Tour Report: Railway Bridge D.

This one is more a monument than an abandoned place, but we were in the area and thought it might be a good place to visit and take some photos.
The drive from the abandoned garrison that we had visited first took about 45 minutes, during which the sky above us became completely clear of clouds. As we arrived at the old railway bridge, that had been a symbol for the German separation, we found a place to park right away. There is a free public parking lot pretty close to the bridge itself.
The bridge used to be more than 1.000 meters long before half of it was destroyed during World War II, so it was a very impressive structure, even as we were still relatively far away.
We took our photos, and I got a bit annoyed that there were no clouds in the sky. A clear blue sky without any clouds looks boring in most photos - but at least it wasn't raining ;)
The fortified bridgehouse was surrounded by scaffolding after Dutch investors bought the bridge and are in the process of securing and renovating it.
Of course, we slipped through the construction fence to get a closer look. There was a slippery, muddy slope that we had to climb in order to get up to the bridgehouse, but we managed and got to enjoy the view along the railway bridge to the other (East German) side of the River Elbe.
Towards the end of our exploration, we walked across the grasslands and admired the massive bridge piers that keep the steel construction on top in place.

The old bridge is definitely worth a visit, and since it is a monument, I can share the location:

To check out all the photos from this place and to find out about its history, click the button below.

August 24, 2019

Tour Report: Border Troops H.

Back in late October of  2017, we went for a day of exploring with our friend Freddy from Nordgriller Urbex. The days were getting shorter, so we decided for a couple of spots that were only about two hours away from our hometown, so we'd have enough sunlight to take our photos.
As Freddy picked us up early in the morning, the sun was just coming up, and the weather looked perfect for a tour.
For the first spot, we only had to drive to the border where Germany had been separated until 1990. For fear that NATO might start an attack on the Eastern Bloc, the East German military had set up a chain of garrisons along the entire border. These were manned by the "Grenztruppen" (Border Troops), a military formation tasked with securing and controlling the state border.
Most of the garrisons that I have seen were standardized facilities with accommodation and office building, vehicle garages, dog kennels and a small bunker for storing ammunition. This one was no different.
As we drove past the place, we noticed that it was not secured in any way; the gate was wide open, and there were no signs of any use - except for dumping trash. Many abandoned former military installations in Eastern Germany are being used by the locals for dumping all types trash. It was the same here. Old electric appliances and tires were lying around as well as various plastic bags of unknown content.
Entering the place was as easy as we'd suspected. All the doors were open, and we could walk around as we pleased.
Of course, the copper thieves have made a mess of the place over the years - but surprisingly enough, there weren't too many signs of the local youth using this place for hanging out. There were hardly any graffiti and/or leftovers from parties.
The place wasn't too interesting, but we got a few nice photos out of it in the end - and another green pin on our map ;)
After about 90 minutes or so, we left and went back to the car to drive to the next spot we'd planned for the day.

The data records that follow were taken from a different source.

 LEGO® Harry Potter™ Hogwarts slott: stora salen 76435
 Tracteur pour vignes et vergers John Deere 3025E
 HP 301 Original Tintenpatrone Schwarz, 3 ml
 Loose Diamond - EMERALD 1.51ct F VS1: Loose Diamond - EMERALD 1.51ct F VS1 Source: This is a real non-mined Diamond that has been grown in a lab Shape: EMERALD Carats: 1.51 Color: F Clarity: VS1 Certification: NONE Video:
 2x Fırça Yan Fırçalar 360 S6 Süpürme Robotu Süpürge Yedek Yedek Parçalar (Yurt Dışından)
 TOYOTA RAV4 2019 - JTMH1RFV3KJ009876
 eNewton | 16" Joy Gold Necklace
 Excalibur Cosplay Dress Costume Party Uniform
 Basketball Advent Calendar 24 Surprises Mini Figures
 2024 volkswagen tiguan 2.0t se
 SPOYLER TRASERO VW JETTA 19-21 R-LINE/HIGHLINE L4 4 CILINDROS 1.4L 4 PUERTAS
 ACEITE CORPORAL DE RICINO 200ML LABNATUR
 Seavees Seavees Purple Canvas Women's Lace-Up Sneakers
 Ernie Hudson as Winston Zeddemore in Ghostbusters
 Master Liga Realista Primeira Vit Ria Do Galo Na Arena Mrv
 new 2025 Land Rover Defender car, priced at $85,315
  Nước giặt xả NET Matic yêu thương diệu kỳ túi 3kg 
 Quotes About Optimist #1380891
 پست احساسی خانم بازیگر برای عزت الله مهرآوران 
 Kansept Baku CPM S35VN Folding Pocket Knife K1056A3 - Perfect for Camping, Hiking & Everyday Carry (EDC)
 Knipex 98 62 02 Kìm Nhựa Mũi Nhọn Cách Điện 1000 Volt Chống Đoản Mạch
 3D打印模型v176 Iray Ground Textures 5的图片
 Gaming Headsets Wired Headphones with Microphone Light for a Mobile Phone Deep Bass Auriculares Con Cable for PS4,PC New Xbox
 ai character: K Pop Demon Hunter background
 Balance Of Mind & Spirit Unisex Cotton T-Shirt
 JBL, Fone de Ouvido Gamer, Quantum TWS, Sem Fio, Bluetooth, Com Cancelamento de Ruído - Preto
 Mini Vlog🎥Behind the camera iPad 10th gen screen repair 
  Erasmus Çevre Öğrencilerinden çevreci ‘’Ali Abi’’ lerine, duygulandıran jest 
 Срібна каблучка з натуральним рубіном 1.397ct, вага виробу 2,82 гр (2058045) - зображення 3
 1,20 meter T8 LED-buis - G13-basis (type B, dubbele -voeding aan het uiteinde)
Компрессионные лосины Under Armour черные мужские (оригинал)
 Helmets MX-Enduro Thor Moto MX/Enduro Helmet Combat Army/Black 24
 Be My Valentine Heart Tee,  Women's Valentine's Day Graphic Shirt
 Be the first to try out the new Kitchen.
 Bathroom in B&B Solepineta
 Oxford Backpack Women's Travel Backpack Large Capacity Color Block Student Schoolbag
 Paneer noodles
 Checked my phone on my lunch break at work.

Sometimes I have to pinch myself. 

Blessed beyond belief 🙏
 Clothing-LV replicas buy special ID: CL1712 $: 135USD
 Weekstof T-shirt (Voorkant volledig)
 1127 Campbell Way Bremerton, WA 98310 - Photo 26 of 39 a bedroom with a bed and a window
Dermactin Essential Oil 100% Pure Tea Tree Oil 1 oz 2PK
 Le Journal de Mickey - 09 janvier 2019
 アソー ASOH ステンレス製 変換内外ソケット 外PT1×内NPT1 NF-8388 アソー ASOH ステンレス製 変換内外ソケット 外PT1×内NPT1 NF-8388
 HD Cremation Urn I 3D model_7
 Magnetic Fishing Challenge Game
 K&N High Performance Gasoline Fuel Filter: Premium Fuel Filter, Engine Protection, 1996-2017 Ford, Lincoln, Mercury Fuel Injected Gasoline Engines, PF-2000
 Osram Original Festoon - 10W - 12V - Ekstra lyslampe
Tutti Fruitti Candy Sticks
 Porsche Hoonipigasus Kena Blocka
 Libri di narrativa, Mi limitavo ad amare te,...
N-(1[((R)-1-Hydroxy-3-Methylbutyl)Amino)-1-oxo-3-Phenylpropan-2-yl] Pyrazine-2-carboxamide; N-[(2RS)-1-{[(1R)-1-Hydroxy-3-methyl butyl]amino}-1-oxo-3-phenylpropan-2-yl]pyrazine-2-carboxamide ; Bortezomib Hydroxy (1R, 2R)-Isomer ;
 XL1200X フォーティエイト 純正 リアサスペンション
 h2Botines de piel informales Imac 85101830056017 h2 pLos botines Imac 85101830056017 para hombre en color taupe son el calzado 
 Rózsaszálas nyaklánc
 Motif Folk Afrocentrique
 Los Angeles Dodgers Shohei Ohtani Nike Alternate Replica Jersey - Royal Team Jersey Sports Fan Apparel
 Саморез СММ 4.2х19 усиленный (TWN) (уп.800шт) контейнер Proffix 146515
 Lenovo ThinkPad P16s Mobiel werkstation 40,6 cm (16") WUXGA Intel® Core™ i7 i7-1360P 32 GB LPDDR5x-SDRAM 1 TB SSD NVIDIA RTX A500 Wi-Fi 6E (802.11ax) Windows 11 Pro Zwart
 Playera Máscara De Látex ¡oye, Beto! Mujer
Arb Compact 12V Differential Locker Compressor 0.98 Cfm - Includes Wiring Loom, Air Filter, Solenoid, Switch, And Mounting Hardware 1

To check out all the photos from this place and to find out about its history, click the button below.

August 10, 2019

Tour Report: Farmhouse "Danish Dynamite" [Revisit]

Only a short while after my first visit to this place, I got the chance for a short revisit. My niece worked for a German radio station at the time, and they had her do a short piece about urban exploring. So we drove up to Denmark, so I could show her the abandoned house that we had discovered a few weeks earlier.
My niece had been on tour with us once before, so she wasn't completely new to the hobby of urban exploration. We parked in the same spot where we had parked for our last visit, walked around the house, and the window was still open.
My niece was recording everything, asking questions and describing what we were seeing.
We started with the house itself and then made our way into the barn. There were actually a few shots that I'd missed the first time around, and the light was pretty good as well.
After about an hour, we climbed out again.
On the way to the car, we noticed that a neighbor was standing in front of his house and looking at us. We thought that this was a unique chance to get a little extra for the radio, and walked over to him.
We introduced ourselves, and he told us that he had seen us walking around the old house. Apparently, he had no problem with this, and he even agreed to tell us a little bit about the story of the house we'd just explored. Since he spoke German, that was a really nice addition for the recording.
When we were finished, we packed up and headed back home.